The foundations of all brand success are relationship and emotion — how we communicate our messages to the audience. We look for specific target groups, we mine for demographic profile audiences, but biologically we are all identical. We start life as children with exactly the same hardware, and the scars incurred as we pass through life are what bring about our identity. So here are the eight types of memory that have been identified:

  • Episodic. The memory for experiences and events in your own life. Brands that can access a brand truth centered on participation with their products will have enormously more potential to be remembered and used in the higher cognitive functions. These keystones — such as the driving ability of a BMW or the quality of leather in a Bentley — have enormous potential and are used constantly by their owners. From the tag line in their advertising to the tactility of their key-ring fobs, every point of contact repeats the message to remind you of the experience.

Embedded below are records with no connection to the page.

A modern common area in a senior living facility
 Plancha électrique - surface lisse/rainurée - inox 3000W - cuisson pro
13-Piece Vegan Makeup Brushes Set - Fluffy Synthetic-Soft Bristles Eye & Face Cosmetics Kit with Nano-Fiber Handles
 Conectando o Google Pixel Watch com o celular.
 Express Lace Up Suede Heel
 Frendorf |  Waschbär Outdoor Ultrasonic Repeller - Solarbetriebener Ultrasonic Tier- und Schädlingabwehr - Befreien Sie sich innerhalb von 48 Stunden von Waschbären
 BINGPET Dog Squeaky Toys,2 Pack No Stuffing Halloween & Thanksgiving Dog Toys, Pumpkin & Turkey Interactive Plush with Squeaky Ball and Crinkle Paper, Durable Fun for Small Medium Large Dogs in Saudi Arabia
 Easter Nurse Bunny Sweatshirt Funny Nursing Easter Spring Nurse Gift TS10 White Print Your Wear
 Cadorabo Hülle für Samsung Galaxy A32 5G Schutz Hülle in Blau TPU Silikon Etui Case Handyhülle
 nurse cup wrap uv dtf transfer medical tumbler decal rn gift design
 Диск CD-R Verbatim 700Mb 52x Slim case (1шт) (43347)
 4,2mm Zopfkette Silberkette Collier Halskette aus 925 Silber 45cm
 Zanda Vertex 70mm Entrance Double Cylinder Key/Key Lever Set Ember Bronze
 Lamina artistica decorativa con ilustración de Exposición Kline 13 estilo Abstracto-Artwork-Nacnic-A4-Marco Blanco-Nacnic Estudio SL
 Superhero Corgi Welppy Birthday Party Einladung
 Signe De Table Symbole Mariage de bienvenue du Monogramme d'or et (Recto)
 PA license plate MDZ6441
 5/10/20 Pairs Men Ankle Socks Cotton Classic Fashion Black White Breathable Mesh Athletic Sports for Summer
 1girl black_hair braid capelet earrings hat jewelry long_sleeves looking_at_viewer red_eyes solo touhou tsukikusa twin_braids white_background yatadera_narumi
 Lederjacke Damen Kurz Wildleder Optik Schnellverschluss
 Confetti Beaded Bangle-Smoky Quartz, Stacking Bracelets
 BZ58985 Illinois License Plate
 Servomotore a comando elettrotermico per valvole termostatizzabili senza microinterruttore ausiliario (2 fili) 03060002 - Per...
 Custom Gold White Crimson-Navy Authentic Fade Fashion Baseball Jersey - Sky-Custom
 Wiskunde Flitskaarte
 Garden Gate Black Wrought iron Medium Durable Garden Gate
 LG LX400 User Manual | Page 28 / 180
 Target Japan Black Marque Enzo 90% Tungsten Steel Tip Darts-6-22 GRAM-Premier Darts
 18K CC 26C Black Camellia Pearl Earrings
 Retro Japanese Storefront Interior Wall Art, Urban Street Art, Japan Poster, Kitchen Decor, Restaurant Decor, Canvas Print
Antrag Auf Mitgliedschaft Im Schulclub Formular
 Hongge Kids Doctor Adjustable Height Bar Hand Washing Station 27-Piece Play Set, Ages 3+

  • Factual. The memory for learned facts. If you can’t interact with a product then the retention of key messages is greatly reduced, and it becomes a harder story to sell. But like muscle groups, the neural pathways get stronger by repetition. When childhood memories are repeated enough times, you absorb the story as your own. History is taught, not lived. Brands that have messages that you can’t physically relate to — such as the freshness of tea or the vitamins in milk — have a harder and more costly route to retention. These will need to use many different methods of repetition to capture the audience.
  • Semantic. The memory of meaning. We use semantic and contextual information to correctly place brands, and they themselves will use an already existing memory trigger to gain a foothold in your life. Shell, for example, is the outer covering of a sea creature and a petrochemical giant; the word’s context will help you correctly place the use of each.
  • Sensory. A visual memory. Most people, especially right-brain types such as ourselves, can picture over 10,000 brands in our “mind’s eye.” This vivid trigger can be awakened by many senses, such as smell and taste. If we can visualize a bottle of Beck’s with condensation dripping down it from our episodic memory, then we make the next step of visualizing the taste pattern triggered by the beer. The brain does not work in negatives, so if I tell you not to think of the smell of newly cut grass, already your mind has awakened all the pathways and memories you have of it, and only a percentage of these will come to the surface of perception and cognitive thoughts.
  • Skill. Response and repetitive sets. Although this type of memory isn’t one that brands can claim a link to, it is one they want to associate with. “Just Do It” from Nike is the pinnacle of the association of a brand with skill.
  • Instinctive. Mechanical functions. Natural impulses such as the need to suckle and ability to walk are given to all of us. And although McDonald’s is not there yet, it is trying to gain womb access.
  • Collective and past life. The last two throw the study of neurobiology into question. I do think there are hidden common triggers that we can use as a basis for communication. Where to look for them is the problem.

I believe that to do our job we need to understand the target of our attack and use the mechanics of the brain to their best advantage. We have pledged our working life to the pursuit of the “flash of recognition” when someone out there understands what we are trying to say. Tapping into this is not just about blind inspiration; it’s the work of mad scientists who have practiced this art and are no longer shooting memory triggers in the dark — they have been to target practice. Good hunting.